The utilization of antioxidants to improve overall health and well-being has been a hot topic in the medical community for quite some time.
As more research is released and scientists confirm the multitude of benefits of antioxidants, people are looking for ways to get more out of these super-nutrients in their diets.
In addition to the overall health benefits of antioxidants, many researchers have turned their attention toward using antioxidants to help athletes not only recover from injures, but to also help them avoid injuries in the first place.
These naturally occurring substances are showing great promise and doctors in the United States, India, England, and elsewhere around the world are currently conducting clinical trials to observe the efficacy of powerful antioxidants like astaxanthin to help athletes reduce their recovery time, decrease inflammation, and restore mobility after an injury.
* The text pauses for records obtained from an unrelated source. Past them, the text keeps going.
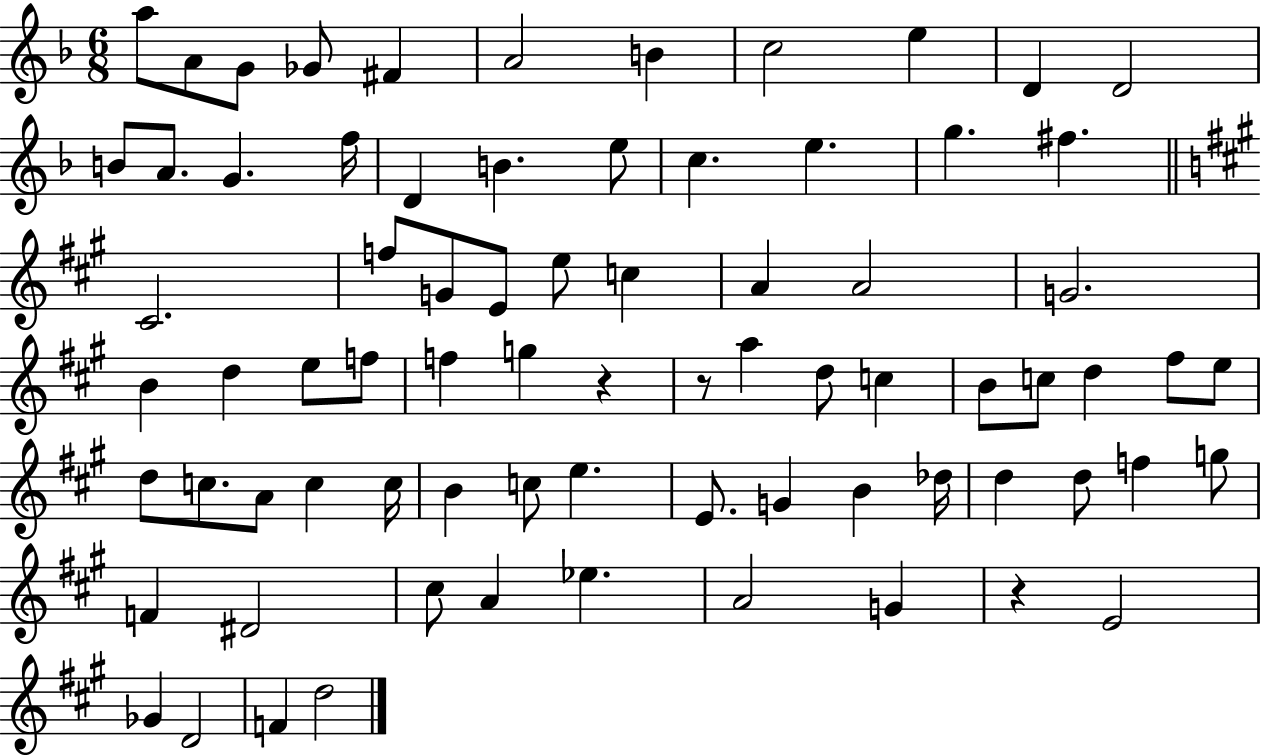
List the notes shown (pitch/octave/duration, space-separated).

A5/e A4/e G4/e Gb4/e F#4/q A4/h B4/q C5/h E5/q D4/q D4/h B4/e A4/e. G4/q. F5/s D4/q B4/q. E5/e C5/q. E5/q. G5/q. F#5/q. C#4/h. F5/e G4/e E4/e E5/e C5/q A4/q A4/h G4/h. B4/q D5/q E5/e F5/e F5/q G5/q R/q R/e A5/q D5/e C5/q B4/e C5/e D5/q F#5/e E5/e D5/e C5/e. A4/e C5/q C5/s B4/q C5/e E5/q. E4/e. G4/q B4/q Db5/s D5/q D5/e F5/q G5/e F4/q D#4/h C#5/e A4/q Eb5/q. A4/h G4/q R/q E4/h Gb4/q D4/h F4/q D5/h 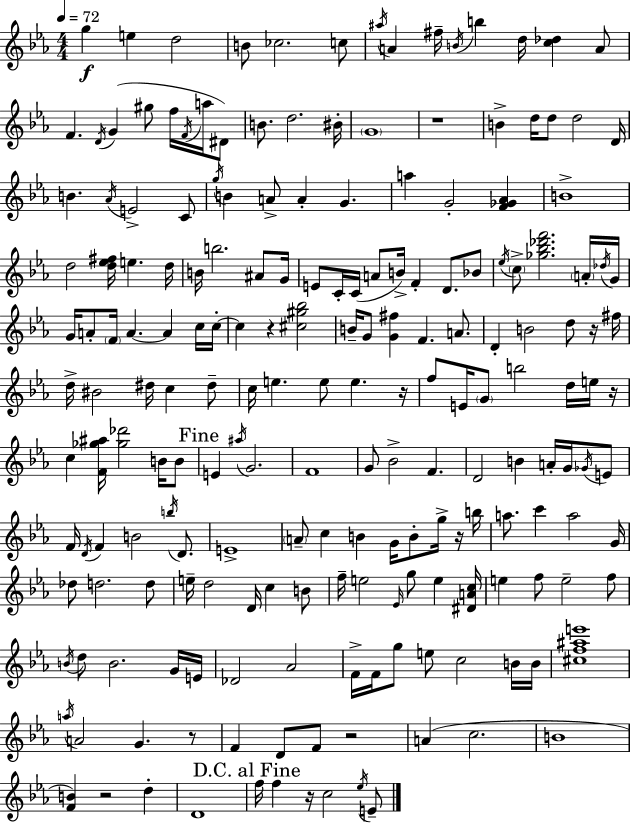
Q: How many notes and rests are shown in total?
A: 195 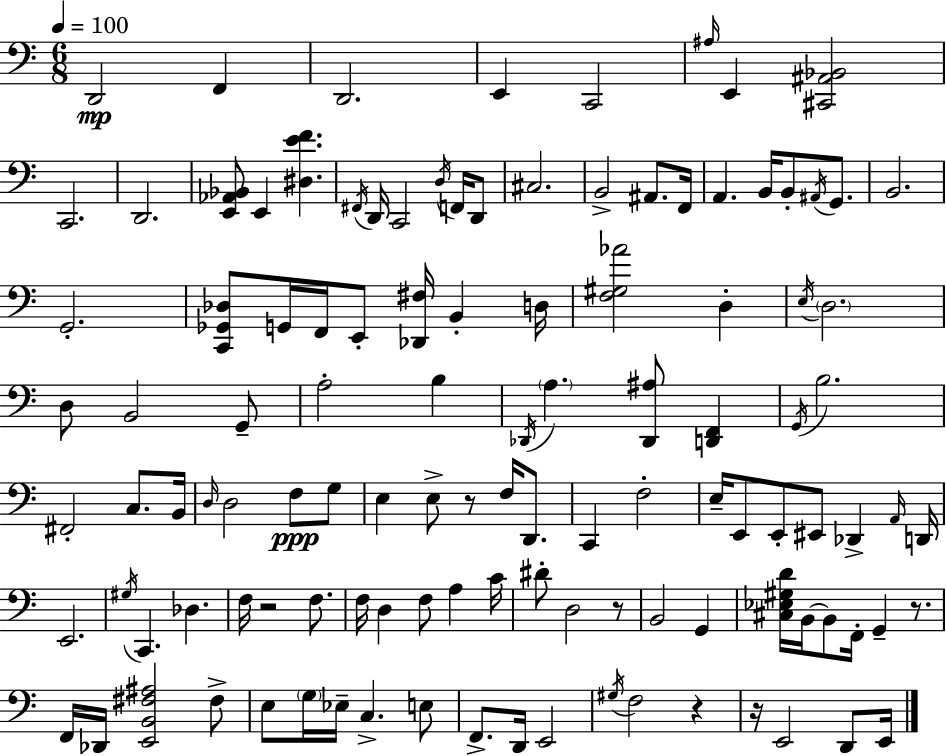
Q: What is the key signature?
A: C major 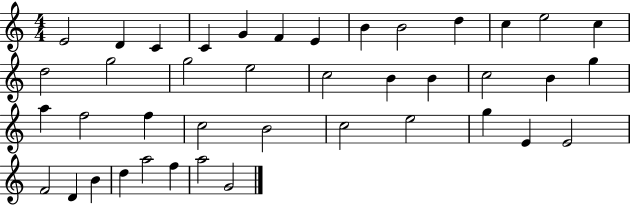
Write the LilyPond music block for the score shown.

{
  \clef treble
  \numericTimeSignature
  \time 4/4
  \key c \major
  e'2 d'4 c'4 | c'4 g'4 f'4 e'4 | b'4 b'2 d''4 | c''4 e''2 c''4 | \break d''2 g''2 | g''2 e''2 | c''2 b'4 b'4 | c''2 b'4 g''4 | \break a''4 f''2 f''4 | c''2 b'2 | c''2 e''2 | g''4 e'4 e'2 | \break f'2 d'4 b'4 | d''4 a''2 f''4 | a''2 g'2 | \bar "|."
} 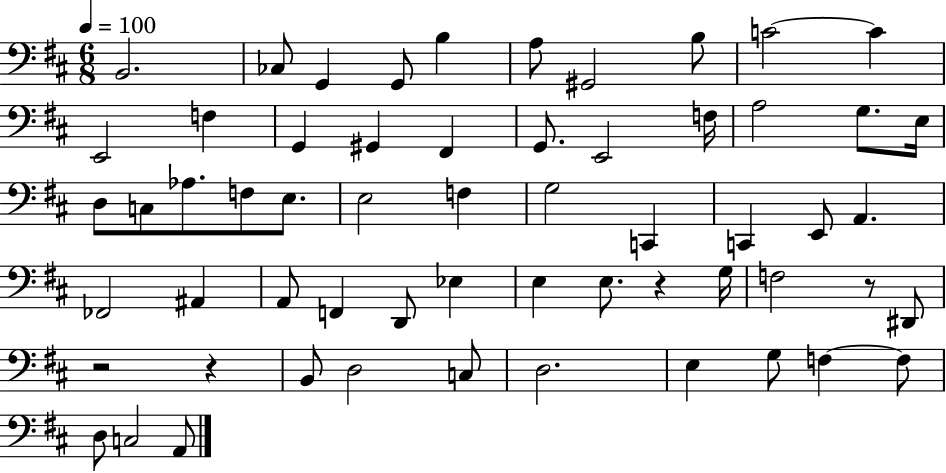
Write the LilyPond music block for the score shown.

{
  \clef bass
  \numericTimeSignature
  \time 6/8
  \key d \major
  \tempo 4 = 100
  \repeat volta 2 { b,2. | ces8 g,4 g,8 b4 | a8 gis,2 b8 | c'2~~ c'4 | \break e,2 f4 | g,4 gis,4 fis,4 | g,8. e,2 f16 | a2 g8. e16 | \break d8 c8 aes8. f8 e8. | e2 f4 | g2 c,4 | c,4 e,8 a,4. | \break fes,2 ais,4 | a,8 f,4 d,8 ees4 | e4 e8. r4 g16 | f2 r8 dis,8 | \break r2 r4 | b,8 d2 c8 | d2. | e4 g8 f4~~ f8 | \break d8 c2 a,8 | } \bar "|."
} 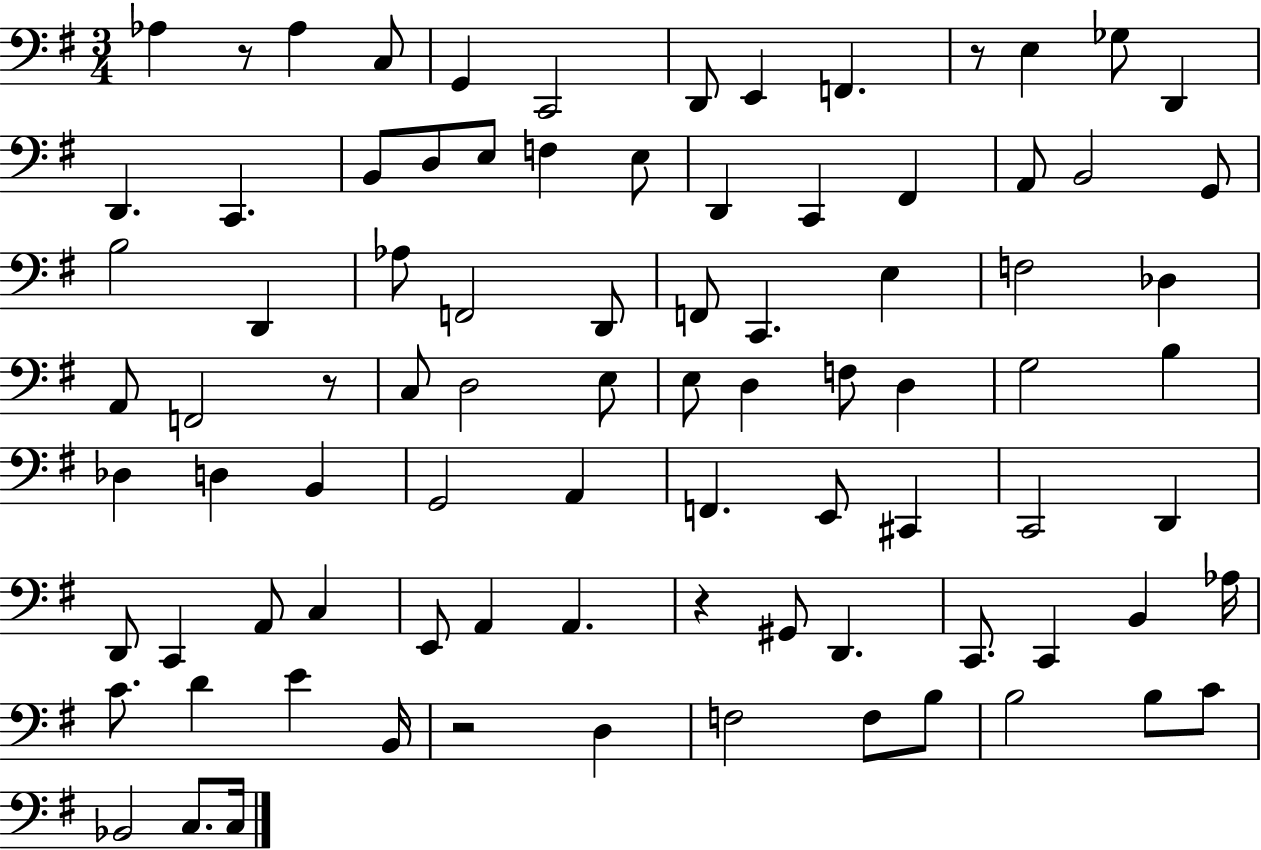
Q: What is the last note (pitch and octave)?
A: C3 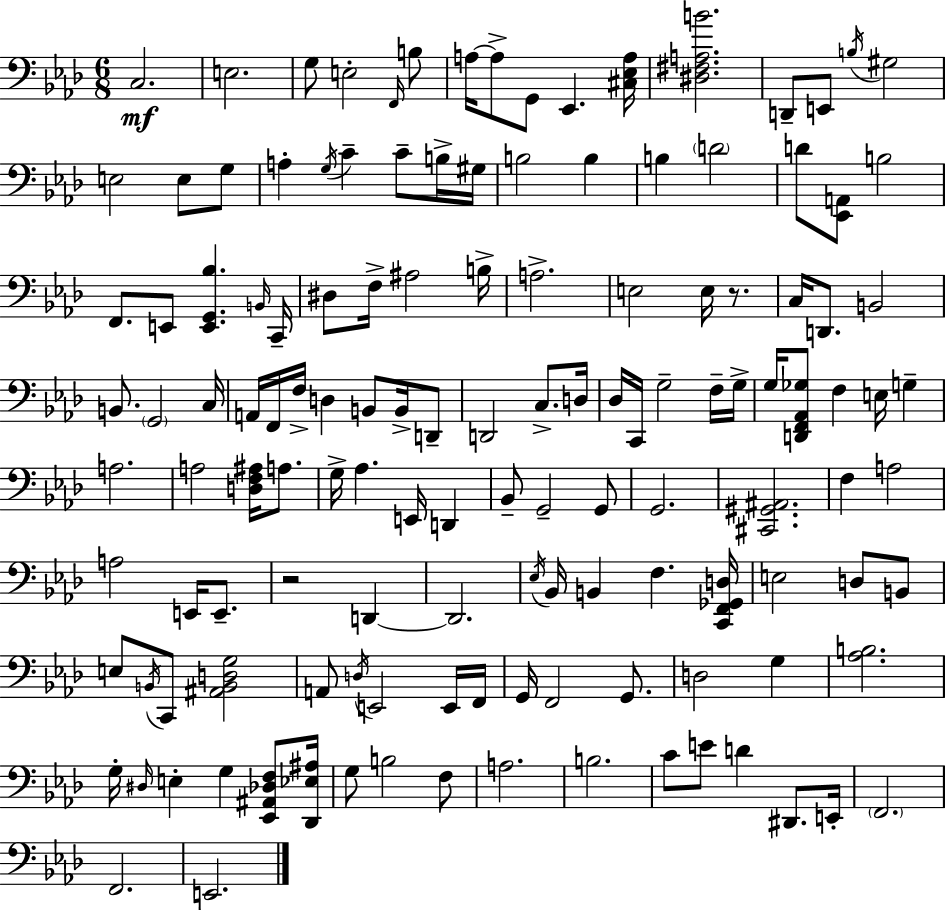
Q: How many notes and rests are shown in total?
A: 134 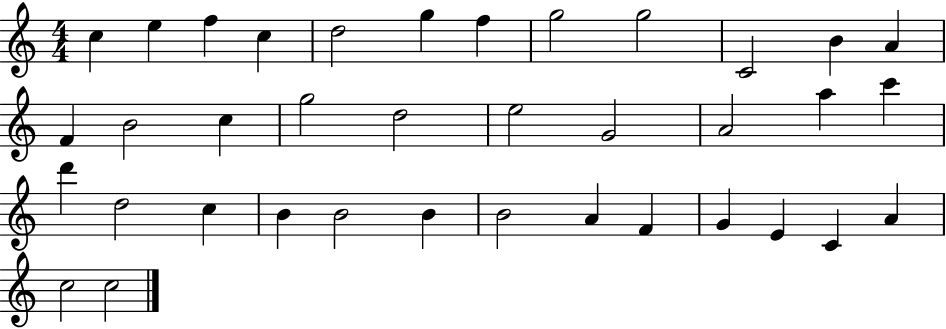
C5/q E5/q F5/q C5/q D5/h G5/q F5/q G5/h G5/h C4/h B4/q A4/q F4/q B4/h C5/q G5/h D5/h E5/h G4/h A4/h A5/q C6/q D6/q D5/h C5/q B4/q B4/h B4/q B4/h A4/q F4/q G4/q E4/q C4/q A4/q C5/h C5/h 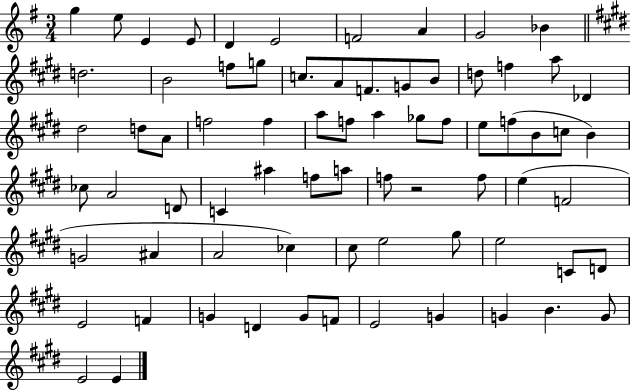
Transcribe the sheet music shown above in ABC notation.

X:1
T:Untitled
M:3/4
L:1/4
K:G
g e/2 E E/2 D E2 F2 A G2 _B d2 B2 f/2 g/2 c/2 A/2 F/2 G/2 B/2 d/2 f a/2 _D ^d2 d/2 A/2 f2 f a/2 f/2 a _g/2 f/2 e/2 f/2 B/2 c/2 B _c/2 A2 D/2 C ^a f/2 a/2 f/2 z2 f/2 e F2 G2 ^A A2 _c ^c/2 e2 ^g/2 e2 C/2 D/2 E2 F G D G/2 F/2 E2 G G B G/2 E2 E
Already studies—like one published in The British Journal of Sports Medicine—are finding that antioxidant deficiencies can lead to an increase in exercise-induced muscle damage, impairing muscle recovery and performance.1
Antioxidants also help countless athletes avoid injury, improve their healing between workouts, and in some cases even improve their performance.
Regardless of the type of injury you’ve suffered, whether it’s a strain, sprain, or even the normal muscle soreness associated with hard workouts, oxidative stress and free radical damage appear to play a major role in the process.
Antioxidant supplementation has shown a lot of promise in its ability to speed up the healing of these injuries especially when free radical damage plays a role.
For instance, one study done on muscle contusions in rats showed that 14 days after injury, the antioxidant group showed much better recovery and a significantly lower amount of inflammation when compared to a placebo group.2
In today’s competitive environment, it’s crucial to improve and shorten recovery time and keep injuries to a minimum.
Exercise and sports performance by their very nature have a tendency to increase the amount of free radicals present, in turn causing more oxidative damage.
The use of certain antioxidant supplements can enhance all aspects of injury recovery by blocking the expression of multiple inflammatory chemicals that are known to impede the recovery process.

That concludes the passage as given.